Otmane Nait-Hammou and Jamal Abdelmaji Eisa Mohammed in Aarhus (© Jiro Mochizuki)
Otmane Nait-Hammou is a native Moroccan now living in Stockholm. Jamal Abdelmaji Eisa Mohammed is from Sudan, currently living in Israel. The pair's very different life paths will converge tomorrow here in Aarhus where they'll make their debut as teammates on the Athlete Refugee Team.
"Just to be here, is something very special," said Nait-Hammou, who began running in his hometown of Agadir at the urging of a friend. "I've never been in a world championship. It'll be exciting to feel being on the start line - and to also come to the finish line. And to do my best, of course."
Hammou said he made the difficult decision to leave his homeland in 2015 for a host of complicated reasons which finally conspired to force him into a search of a place where he simply "better fits". He found that through sport.

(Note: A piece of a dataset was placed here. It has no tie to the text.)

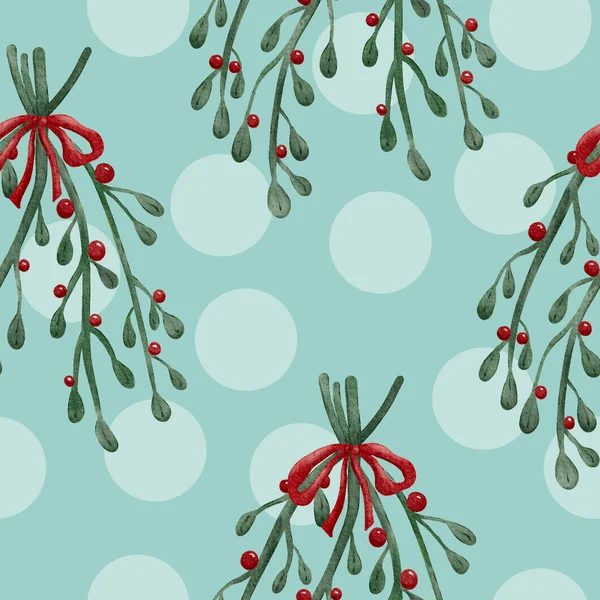 Mistletoes Berries Polka Dots Christmas Floral Decoration Watercolour Painting Seamless — Stock Photo, Image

"I really feel that I fit well with running, with sport."
Mohammed was 10 when his father was killed by the Janjaweed militia during a raid of their village of Barde in Sudan's war-torn Darfur region in 2003. It was burned to the ground before the militia departed. Eight years later he finally fled the violence, heading first to Egypt before crossing the Sinai Desert on foot to Israel.
The reasons people have to leave home are as numerous as there are people forced to flea.
He eventually found work in Tel Aviv, earning a modest living while helping to support his mother, two brothers and a sister who are living in a refugee camp back home.
But Mohammmed also considers himself a full-time runner, a passion he discovered in 2014, when his best friend urged him to join the Hasimta Alley Runners club. About a year ago, he began a seven-day-a-week training regimen that's beginning to bear fruit. Running for his Tel Aviv club, Mohammmed finished 40th in his European Champion Clubs Cup debut in 2017, 30th in 2018 and 22nd in the 2019 edition on 3 February in Albufeira, Portugal. Nineteen days later he improved his road PB to 29:37 when he finished second in the 10km in Tel Aviv.
"There is a big difference between the European club championships and the world championships, but it's ok, I will do my best here."
Nait-Hammou doesn't have quite the same credentials, but he's closing in. He began running in 2012 at 17, and in recent years, like Mohammmed, balances his running with a full-time job. And, also like his teammate, he arrives in the best form of his life, on the heels of a 30:30 10km PB he ran in Paris last weekend.
"I plan to do my best, of course," Nait-Hammou said. "But just to be in the same race with these great runners that I only know from watching them, it will be a very special feeling."